- [Goal of the exercise] When you reach the line containing "Nederland (ook bekend", start transcribing exactly and continue through the last line of the data, skipping every picture.
** Opening Data extract block **
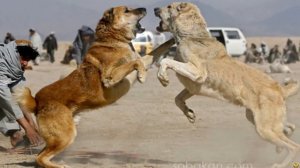 Питбуль против Алабай! КТО СИЛЬНЕЕ? Pittbull VS Alabay! WHO IS STRONGER?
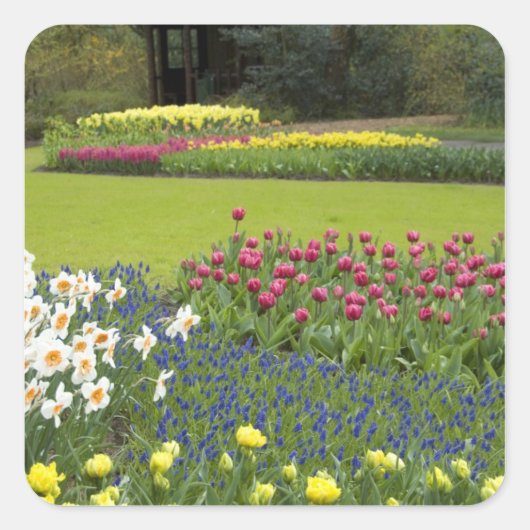 Nederland (ook bekend als Holland), Lisse. Keukenh Vierkante Sticker (Voorkant)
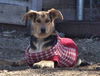 Pepper Beagle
** Closing Data extract block **
- [Response]
 Nederland (ook bekend als Holland), Lisse. Keukenh Vierkante Sticker (Voorkant)
 Pepper Beagle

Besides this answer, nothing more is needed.